YAŞAM KALİTESİNİ OLUMSUZ ETKİLİYOR

Prof. Dr. Sargın, hastanın çalışma hayatını ve günlük rutinini devam ettirmesini zorlaştıran diyabet kaynaklı kronik komplikasyonları şöyle açıkladı: 'Kronik komplikasyonların gelişmesi, yaşam kalitesinde ciddi düşüş nedenidir. Görme kaybı–körlük, kronik böbrek yetmezliği, koroner arter hastalığı–kalp yetmezliği, diyabetik ayak–amputasyonlar, kronik ağrıya sebep olan periferal nöropati, gastroparezi, mesane disfonksiyonları gibi komplikasyonlar geliştiğinde hastanın fiziki aktivitesi ciddi anlamda sınırlanabilmektedir. Diyabet tedavisinin başarılı olabilmesi için hastanın yaşam tarzı değişikliği yapması ve ilaçlarını düzenli kullanılması gerekiyor.' Diyabette yaşam tarzının önemine dikkat çeken Sargın, 'Diyabette yaşam tarzı yönetimi, diyabetli bireylerin kendilerini yönetim eğitimi ve desteği, tıbbi beslenme tedavisi, fiziksel aktivite, sigarayı bırakma danışmanlığı ve psiko- sosyal bakım başlıklarından oluşmaktadır. Bugün diyabet takibinde yaşanılan birçok sorun bu yönetimin yapılmaması veya göz ardı edilmesinden kaynaklanmaktadır.' diye konuştu.

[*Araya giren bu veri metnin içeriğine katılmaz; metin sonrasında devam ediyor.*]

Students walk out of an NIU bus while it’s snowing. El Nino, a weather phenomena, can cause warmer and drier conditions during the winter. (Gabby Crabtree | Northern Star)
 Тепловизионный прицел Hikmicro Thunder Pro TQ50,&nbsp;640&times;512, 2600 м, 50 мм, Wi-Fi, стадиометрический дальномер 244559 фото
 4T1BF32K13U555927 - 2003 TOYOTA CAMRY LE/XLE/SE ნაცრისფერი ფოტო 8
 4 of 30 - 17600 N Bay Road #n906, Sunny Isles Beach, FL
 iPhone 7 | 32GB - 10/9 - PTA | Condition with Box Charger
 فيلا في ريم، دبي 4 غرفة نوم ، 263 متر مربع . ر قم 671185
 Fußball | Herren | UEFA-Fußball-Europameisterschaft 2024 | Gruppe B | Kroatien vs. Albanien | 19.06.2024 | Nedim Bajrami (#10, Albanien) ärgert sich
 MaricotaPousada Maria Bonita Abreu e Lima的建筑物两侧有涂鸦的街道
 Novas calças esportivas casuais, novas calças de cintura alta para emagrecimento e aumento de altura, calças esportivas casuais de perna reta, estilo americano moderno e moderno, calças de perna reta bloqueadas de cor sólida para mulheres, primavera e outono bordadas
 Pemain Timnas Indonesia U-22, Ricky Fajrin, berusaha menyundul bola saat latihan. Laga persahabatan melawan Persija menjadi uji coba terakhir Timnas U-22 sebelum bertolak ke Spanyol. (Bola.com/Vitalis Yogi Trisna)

DİYABETLİ BİREY SAYISI ARTIYOR

Diyabet tedavisi uyum ve sürekliliğinin geliştirilmesi en etkili çözüm Lilly İlaç Medikal Direktörü Levent Alev ise 14 Kasım Dünya Diyabet Günü'nde şunları söyledi: 'Diyabet yönetiminde, hastanın kendi sağlığı ve bakımını yönetmek için adımlar atma konusundaki istekliliği ve yeterliğinin teşvik edilmesi esastır. Türkiye'deki diyabetli birey sayısı hızla artarken, diyabet eğitimine erişimin sağlanması ve eğitimin bireye göre uyarlanması da dahil olmak üzere, diyabet tedavisinde uyum ve sürekliliğin iyileştirilmesi için pek çok fırsat mevcut.' Alev, 'Diyabet tedavisi uyum ve sürekliliğinin geliştirilmesi, diyabetin sağlık sistemleri üzerindeki yükünü belirgin şekilde düşürerek, diyabetle yaşayan bireyler için yaşam kalitesini artırabilir. Biz Lilly İlaç olarak, bu doğrultuda tüm paydaşlarla iş birliği içinde çalışmaya devam edeceğiz.' açıklamalarında bulundu.